■ **WORK TO BE COMPLETED**
Repeat the listing that follows character for character, omitting images.

■ **EXTRACTED MATERIAL**
────────────────
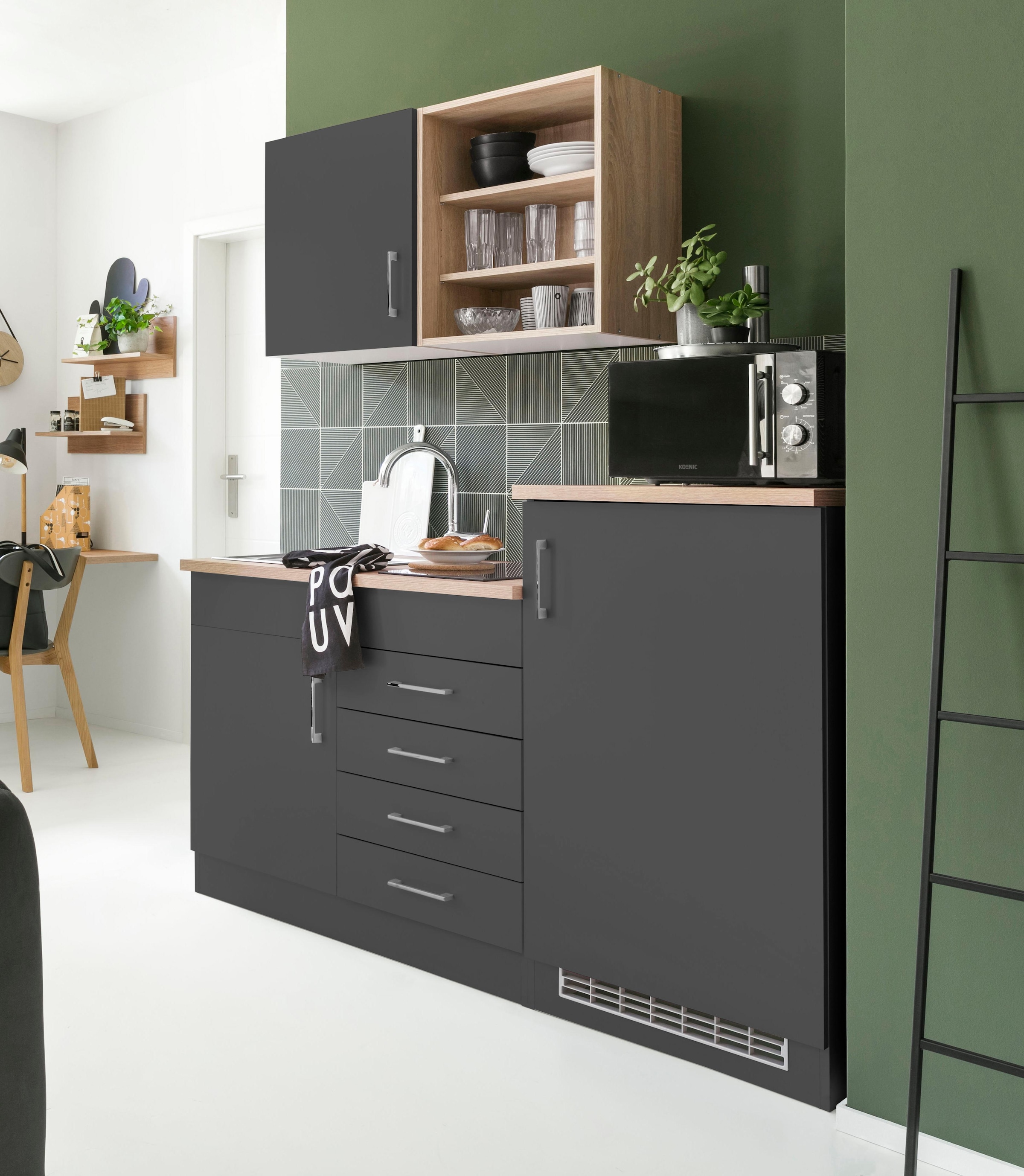 KOCHSTATION Pantryküche »KS-Mali«, Breite 160 cm, mit E-Geräten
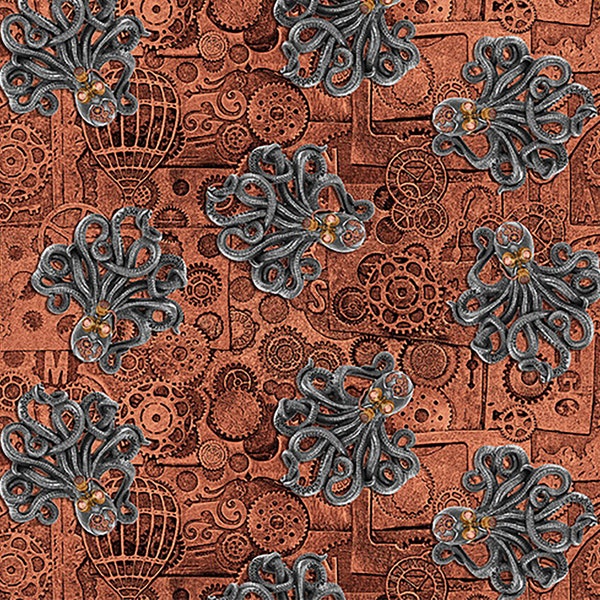 Alternative Age 2323-85 Gray by Urban Essence Designs for Blank Quilting, Gray Octopus on Rust Gears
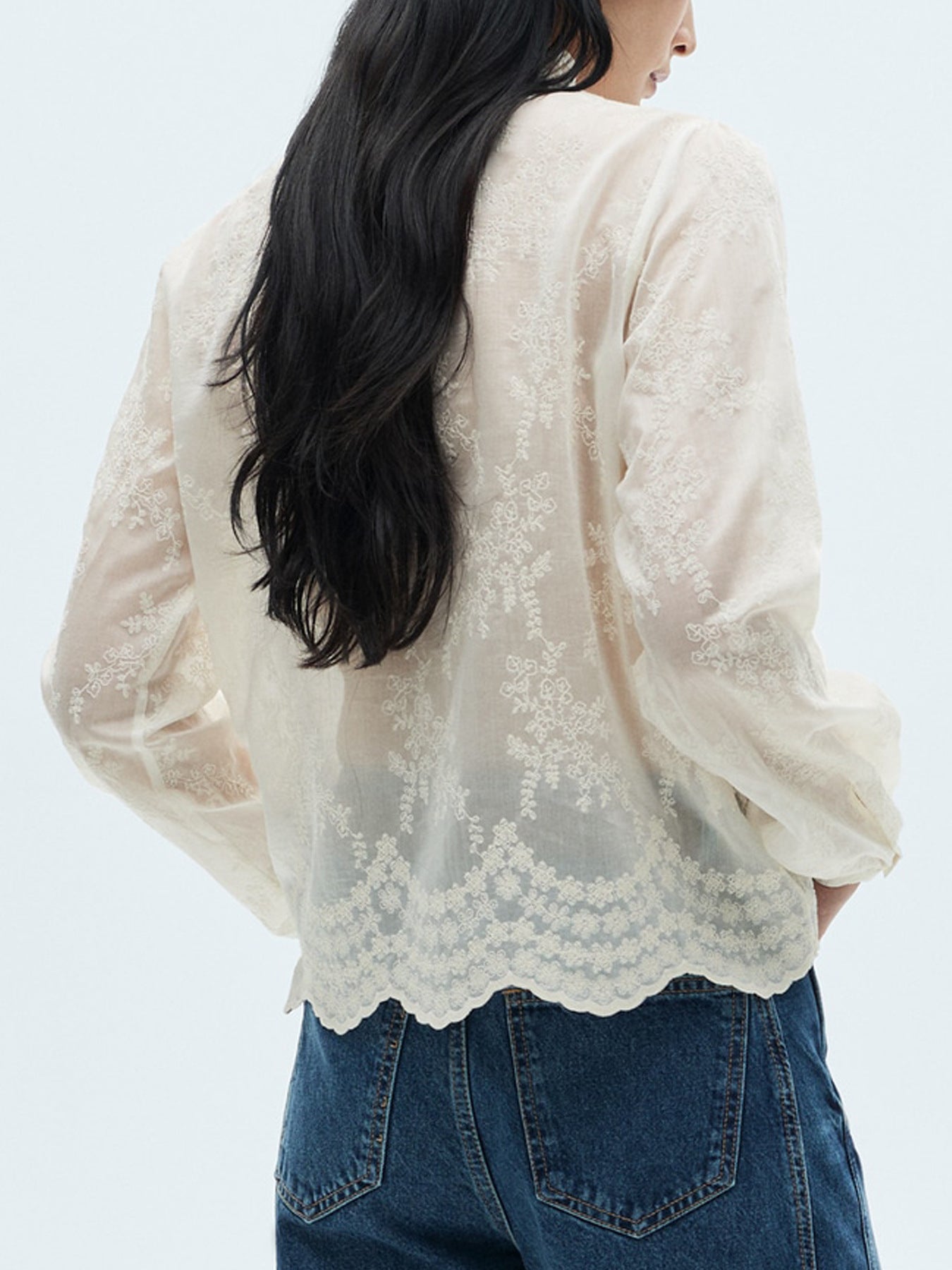 Plain Lace Spliced Puff Sleeve Blouse
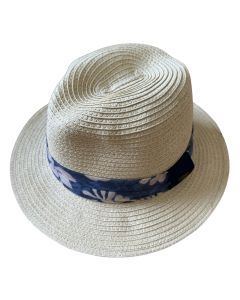 Scala Toyo Straw Hat Panama Fedora Handmade - Beige M-L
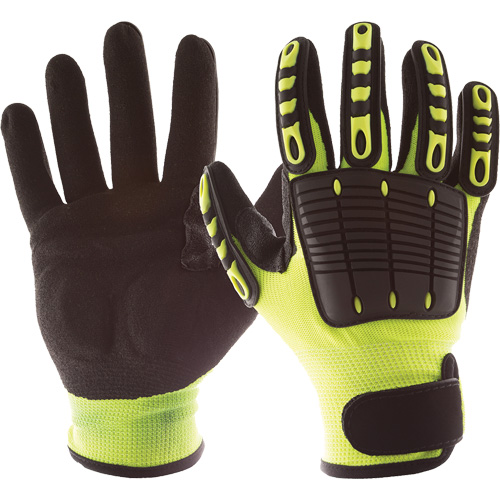 Gants de protection contre les chocs Back Tracker avec protection dorsale de la main, Petit, Paume en Nitrile, Poignet Boucle et crochet Pathway Supply LP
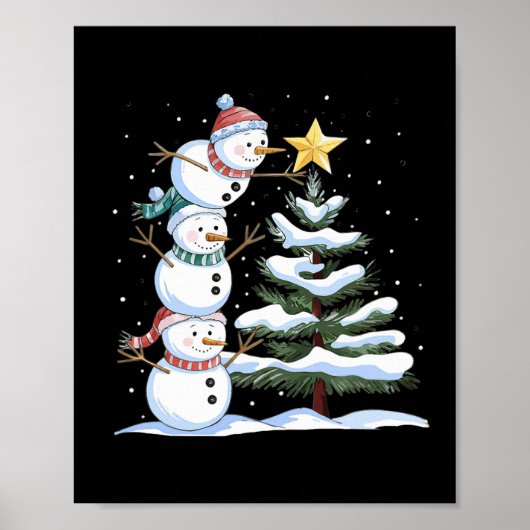 かわいいクリスマスツリーを飾る3人の雪だるま ポスター (正面)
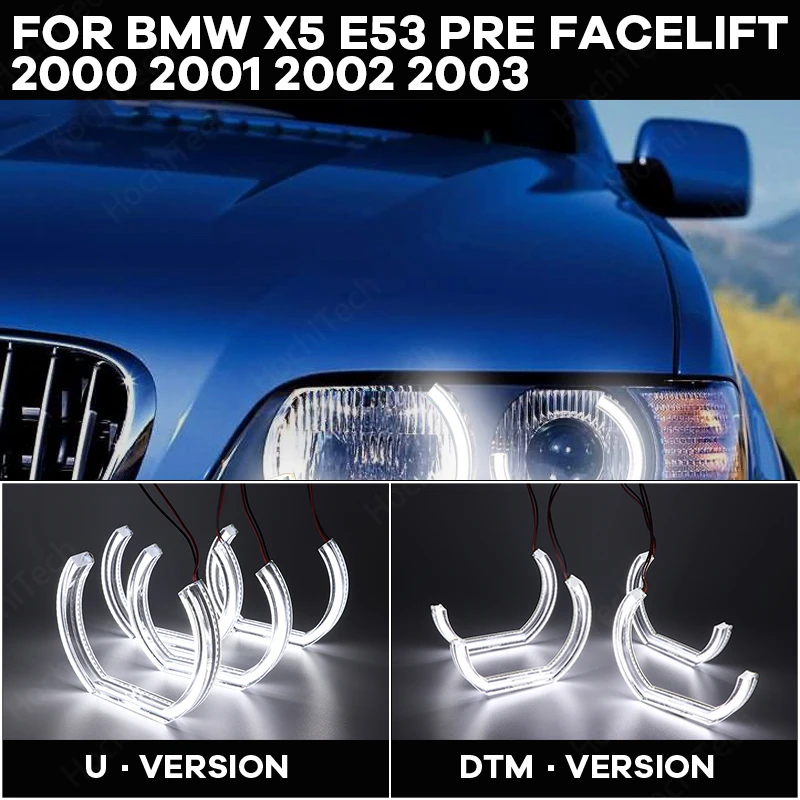 

White Day light Cut Style DRL DTM U Shape Light Crystal Angel eyes DTM Style For BMW X5 E53 Pre facelift 2000 2001 2002 2003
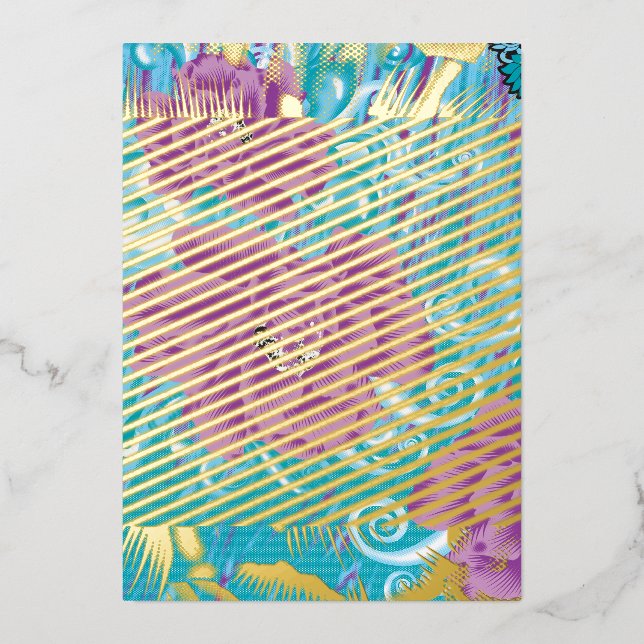 A vibrant textile design featuring purple and turq (Front)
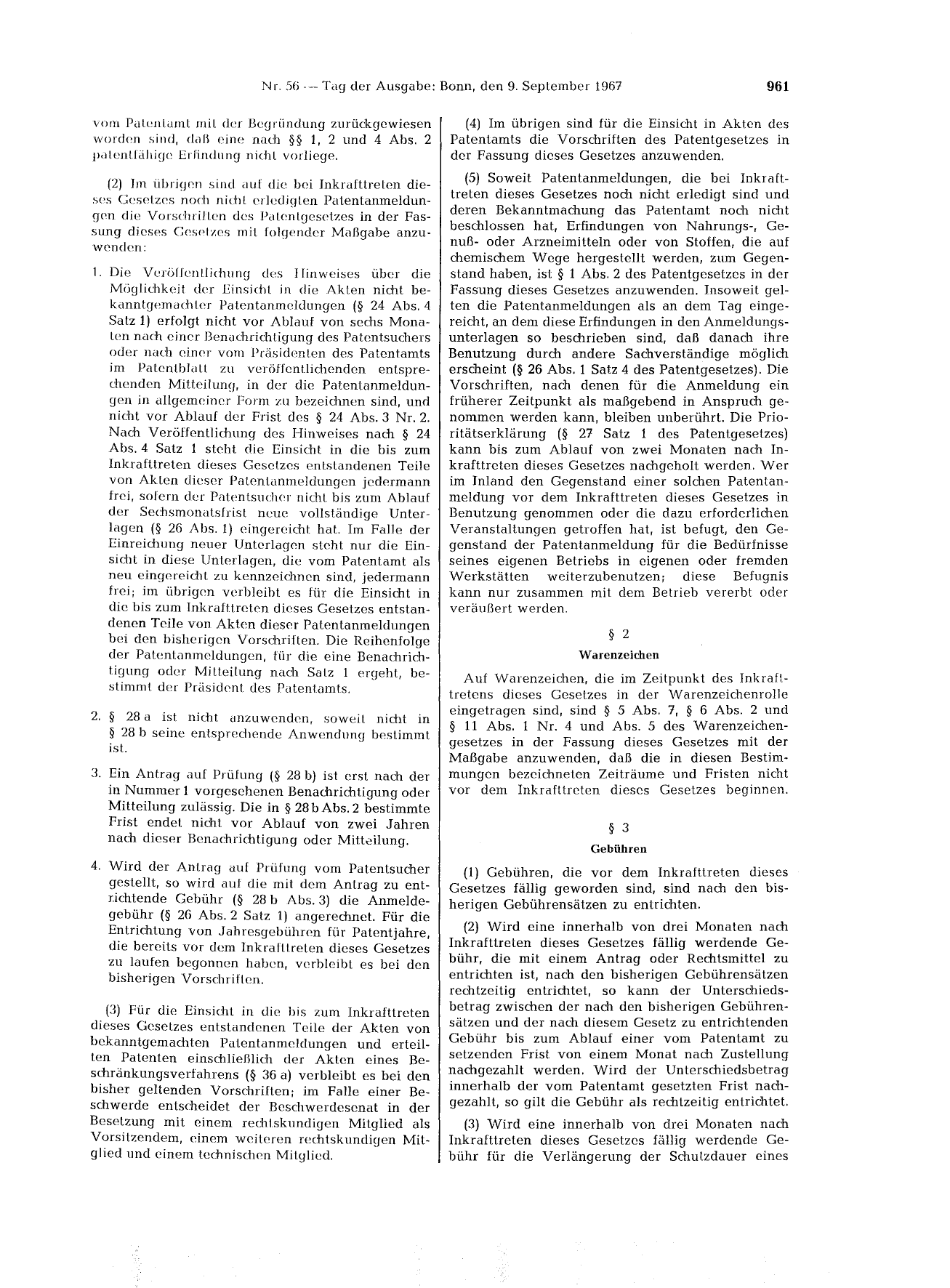 BGBl. 1967, Seite 961 — Originalseite als Abbildung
────────────────
■ **EXERCISE OUTPUT**
 KOCHSTATION Pantryküche »KS-Mali«, Breite 160 cm, mit E-Geräten
 Alternative Age 2323-85 Gray by Urban Essence Designs for Blank Quilting, Gray Octopus on Rust Gears
 Plain Lace Spliced Puff Sleeve Blouse
 Scala Toyo Straw Hat Panama Fedora Handmade - Beige M-L
 Gants de protection contre les chocs Back Tracker avec protection dorsale de la main, Petit, Paume en Nitrile, Poignet Boucle et crochet Pathway Supply LP
 かわいいクリスマスツリーを飾る3人の雪だるま ポスター (正面)

White Day light Cut Style DRL DTM U Shape Light Crystal Angel eyes DTM Style For BMW X5 E53 Pre facelift 2000 2001 2002 2003
 A vibrant textile design featuring purple and turq (Front)
 BGBl. 1967, Seite 961 — Originalseite als Abbildung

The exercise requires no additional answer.